User-community impact
- Changing the web UI requires user education; the UI can make reasonable guesses (eg., for user-supplied hostnames including dots, in data-entry and in searches) and inform the user of the change. This does not seem challenging.
- Leaving the web UI unchanged does not require immediate user education. However, shortly there will be a difference between Inventory and Maintain requirements, requiring education about the Maintain change.
Data integrity considerations
- Currently, data is duplicated manually between inventory and maintain, neither is authoritative.
- The project to link Inventory/Maintain makes it easier to suppose that our inventory is authoritative, as the maintain data is (mostly) a subset (excluding such aspects as sub-records, which will continue to be edited at Maintain).
- We will need to offer Maintain the separated data.
Development and code maintenance costs
UI change to accept both requires development costs, but these appear to be minor:
- _Estimated development cost: 3 days work_
- accepting separate host/domain would require: adding a dropdown menu and adding validation code.
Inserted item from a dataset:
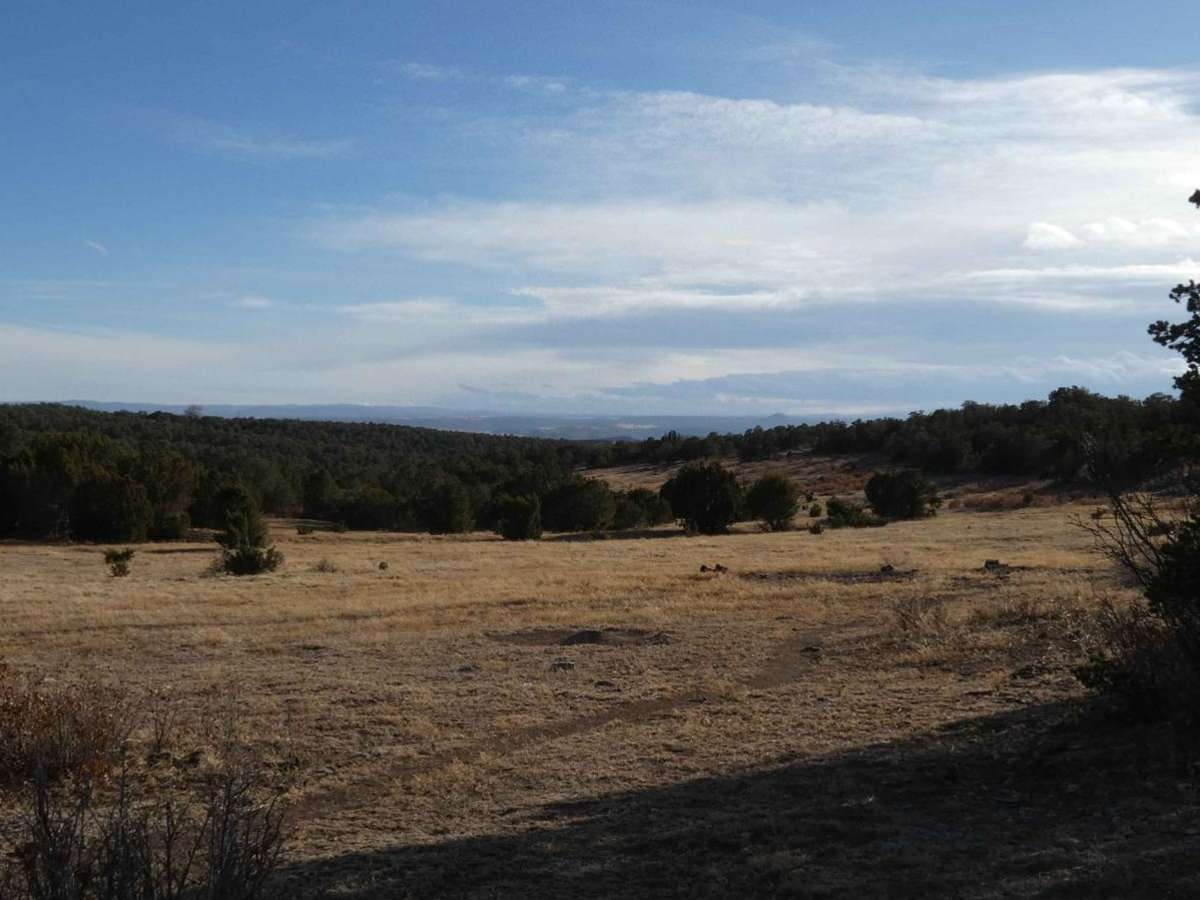 West-End Slope photo 5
It needs an interface to update list of known domains (which could be handled inexpensively via manual phpMyAdmin updates).
- supplying reasonable guesses for users including dots in hostnames is no more than a few if/thens with regular expressions;
- searches for separate host/domain would involve adding a regular expression and a term to the search SQL.
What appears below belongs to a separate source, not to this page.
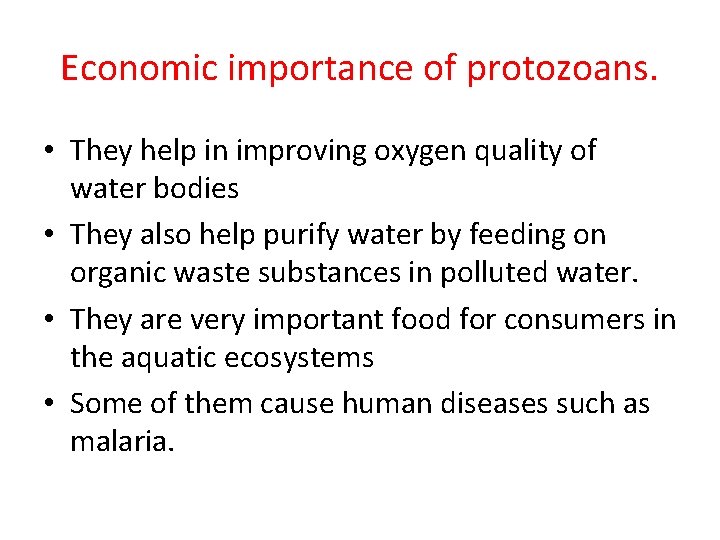 Economic importance of protozoans. • They help in improving oxygen quality of water bodies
- the bulk tools to add and update hosts would need some recoding.
External output change to offer both:
- as long as the data is stored in the database, converting combined hostnames to host and domain names would be minor extra work; converting split to combined would be essentially no work.
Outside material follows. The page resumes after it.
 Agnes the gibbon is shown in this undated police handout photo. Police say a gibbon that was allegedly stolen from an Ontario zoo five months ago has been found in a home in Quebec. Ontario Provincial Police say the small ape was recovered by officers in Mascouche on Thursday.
- _Estimated development cost: 1 hour work_
- if the database remains in status-quo format, providing split output involves doing a
dig
lookup and various data-tests before providing data.
- _Estimated development cost: 1 day work_
Database changes:
- Any of the changes (separate, or both) involve development cost to update existing records.
- _Estimated development cost: 1/2 day work_
- A change to use mysql stored procedures and/or triggers, which would solve the problem of verifying data integrity, is not available unless we switched to mysql 5.0.
Conclusion
- we cannot change the semantics of the externally visible schema to the database, if there are clients with write-access we don't know about (who cannot be relied upon to do checking).
- we can add two new fields to the database, which are specified NOT NULL, so clients with write-access will generate errors rather than add incorrect data.
- Retaining the status quo or adding functionality is partially a policy decision
- Changes to allow accepting and outputting both types of output is technically feasible with minor cost.
- The cost to produce verified domain-names for external programs is high if we do not store the domain name explicitly. (Real time verification during the query increases the runtime of the query).
- We can store verified domain names on web UI entry; the risk of incorrect data (inserted through other means) is low.
- The optimal solution seems to maximize function by making low-cost changes to the web UI and external interface.